It was a similar story with The Flight Attendant, now in its second season. When Perez was offered the part of Megan, the co-worker and best friend of Kaley Cuoco’s hot-mess heroine, she turned it down, she says. “I really liked it a lot but I hate flying, and travelling. I hate it all.”
What changed her mind? “Kaley,” she says. “She’s so freakin’ charming I can’t stand it, and I fell for her charms immediately.” But Perez made it a condition that the writers take into account her character’s situation as a middle-aged, menopausal woman. “I wanted her to have the feeling like when you get older and you walk down the streets, and the guys don’t look at your tits any more,” she says. “And you just feel invisible.”
Personally, she feels the opposite. “When I started noticing that I wasn’t getting the same attention as when I was younger, it made me laugh, it didn’t depress me.” Now 57, she is self-deprecatingly frank about getting older.
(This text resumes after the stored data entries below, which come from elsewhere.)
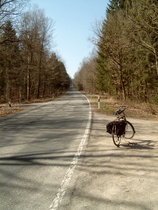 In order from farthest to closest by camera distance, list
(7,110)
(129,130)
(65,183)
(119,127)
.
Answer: (7,110), (129,130), (119,127), (65,183)

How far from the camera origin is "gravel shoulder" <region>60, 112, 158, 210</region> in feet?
9.57

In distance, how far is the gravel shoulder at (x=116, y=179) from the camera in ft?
9.57

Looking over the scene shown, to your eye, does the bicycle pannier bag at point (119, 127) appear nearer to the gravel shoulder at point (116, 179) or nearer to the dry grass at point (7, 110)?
the gravel shoulder at point (116, 179)

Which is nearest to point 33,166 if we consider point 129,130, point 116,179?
point 116,179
When she learned she was going to be playing both her older and younger selves in Now and Then, she says, “I said, ‘Darling, do you see these jowls around my face?’ I have no fillers going on. Maybe a little Botox. I know, actresses don’t want to admit it but they all do it, you know?” She is giggling like a child now. “Oh my God, my publicist probably won’t want me to say this, but I’m gonna say it. I said, ‘What are you going to do about my neck?’ And they go, ‘We got the secret.’” The makeup department had a special neck-rejuvenating “device”, she says. “A lot of the Spanish actresses do it.”
Perez enjoys her success but she has never really enjoyed celebrity: “It was difficult for me being in the entertainment industry because I was so seen, I am so seen.”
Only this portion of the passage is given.